Bond thoughtfully put back the receiver. How interesting! Now what the hell could this man be doing at Shrublands? Bond walked out of the booth. A movement in the next booth caught his eye. Count Lippe, his back to Bond, had just picked up the receiver. How long had he been in there? Had he heard Bond’s inquiry? Or his comment? Bond had the crawling sensation at the pit of his stomach he knew so well – the signal that he had probably made a dangerous and silly mistake. He glanced at his watch. It was seven thirty. He walked through the lounge to the sun-parlour where ‘dinner’ was being served. He gave his name to the elderly woman with a wardress face behind a long counter. She consulted a list and ladled hot vegetable soup into a plastic mug. Bond took the mug. He said anxiously, ‘Is that all?’

The woman didn’t smile. She said severely, ‘You’re lucky. You wouldn’t be getting as much on Starvation. And you may have soup every day at midday and two cups of tea at four o’clock.’

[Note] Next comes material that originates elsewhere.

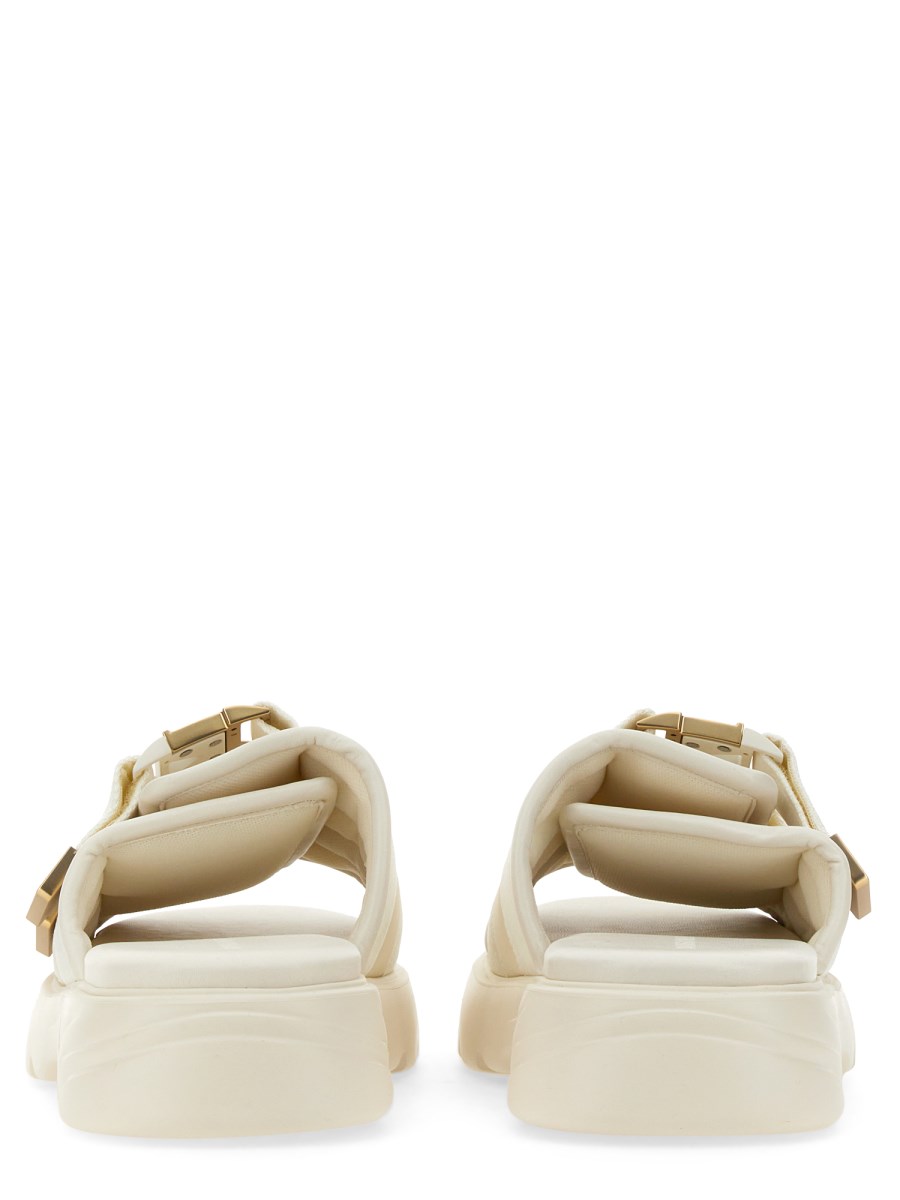 BOTTEGA VENETA SANDALO FLASH IN TESSUTO TECNICO IMBOTTITO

Bond gave her a bitter smile. He took the horrible mug over to one of the little café tables near the windows overlooking the dark lawn and sat down and sipped the thin soup while he watched some of his fellow inmates meandering aimlessly, weakly, through the room. Now he felt a grain of sympathy for the wretches. Now he was a member of their club. Now he had been initiated. He drank the soup down to the last neat cube of carrot and walked abstractedly off to his room, thinking of Count Lippe, thinking of sleep, but above all thinking of his empty stomach.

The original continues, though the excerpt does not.